A man has been charged after kissing Kentucky reporter Sara Rivest on live TV.

Eric Goodman, 42, was charged with harassment with physical contact, which is a class B misdemeanor, a spokesperson from the Louisville Metropolitan Police Department confirmed to the Daily News.

Rivest was reporting live for the NBC-affiliated station WAVE 3 last Friday when the man approached her and gave her an unwanted kiss near her cheek, as seen in a video she shared on social media.

Rivest was outside the Bourbon & Beyond festival in Louisville when the stranger pretended to smack her from behind and then kissed her, according to Rivest. She immediately pulled away from the man.

“Okay. That was not appropriate.” Rivest said on-air, giving an uncomfortable laugh. “Let’s just go to the story.”

Hey mister, here’s your 3 seconds of fame. How about you not touch me? Thanks!! pic.twitter.com/5O44fu4i7y

“Are you okay? Are you free from the kissing bandit? There’s a police officer behind you if you need him," a male anchor in the studio told Rivest after footage from the festival ran.

“I might need some help," Rivest said.

Although she laughed nervously when the incident happened, Rivest said in an interview with WAVE reporter Dawne Gee Monday that the situation made her uncomfortable.

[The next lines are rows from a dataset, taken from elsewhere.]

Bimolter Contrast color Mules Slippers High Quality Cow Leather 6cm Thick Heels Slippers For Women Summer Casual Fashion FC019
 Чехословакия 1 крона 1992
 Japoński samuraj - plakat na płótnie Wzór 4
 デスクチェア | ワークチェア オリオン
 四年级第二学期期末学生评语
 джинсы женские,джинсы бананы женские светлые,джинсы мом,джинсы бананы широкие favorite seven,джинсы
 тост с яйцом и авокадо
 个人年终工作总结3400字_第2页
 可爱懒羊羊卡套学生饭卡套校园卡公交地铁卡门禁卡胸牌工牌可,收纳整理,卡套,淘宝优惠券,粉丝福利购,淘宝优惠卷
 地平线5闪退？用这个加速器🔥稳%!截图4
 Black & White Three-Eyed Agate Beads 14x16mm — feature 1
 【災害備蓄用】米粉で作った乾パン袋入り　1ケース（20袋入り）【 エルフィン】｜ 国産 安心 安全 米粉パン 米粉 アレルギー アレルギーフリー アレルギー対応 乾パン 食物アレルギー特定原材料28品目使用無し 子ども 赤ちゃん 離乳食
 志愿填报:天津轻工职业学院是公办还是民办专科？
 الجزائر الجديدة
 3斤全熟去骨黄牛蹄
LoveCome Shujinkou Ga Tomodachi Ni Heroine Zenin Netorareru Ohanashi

“This is not okay,” Rivest said.

“I personally didn’t know how to react. I was shocked, but my nervous laughter does not equate to approval of his actions. It was an exertion of power over me — a woman trying to do her job who couldn’t stop him. This embarrassed me, and made me feel uncomfortable and powerless,” Rivest said.

Rivest said she was discussing her experience to bring to people’s attention that the incident was “a violation” and an “all-too-common occurrence."

“Journalists in the field — especially women, again just trying to do their jobs — experience harassment like this all the time and it is not okay. If you wanna act like an idiot behind me in a live shot, that’s your choice. In public places, you have the same right as me to be there. But when you put your hands on me, or anyone else, without their approval, that is wrong,” Rivest said.

“I wouldn’t come to anyone’s work place and harass them, and I just ask: Please let me do my job too.”

Goodman was identified and arrested following the incident. He has a court date on Nov. 6, according to WAVE.

He faces up to 90 days in jail and a fine of up to $250 if convicted, a spokesperson from the Louisville Police Department told The News.

Thursday, Rivest shared an apology letter Goodman wrote to her on WAVE.

“After watching the video, reading through the posts and listening to your explanation, I have found a new respect for how difficult it must to be a reporter, specifically in this type of environment. I was wrong to interrupt your job, invade your personal space and leave you feeling powerless. Regardless, your ability to maintain a professional composure speaks volume of your strength,” the letter said.

“I sincerely apologize and deeply regret my actions where I allowed immaturity to humiliate you, myself, and many others. While I have jeopardized my integrity, I am hopeful my future actions will validate the lessons I’ve learned from this mistake. I am so very sorry,” Goodman wrote.

Rivest said on-air on WAVE Thursday that she “absolutely” accepts Goodman’s apology, and that it seems he knows there are consequences for his actions.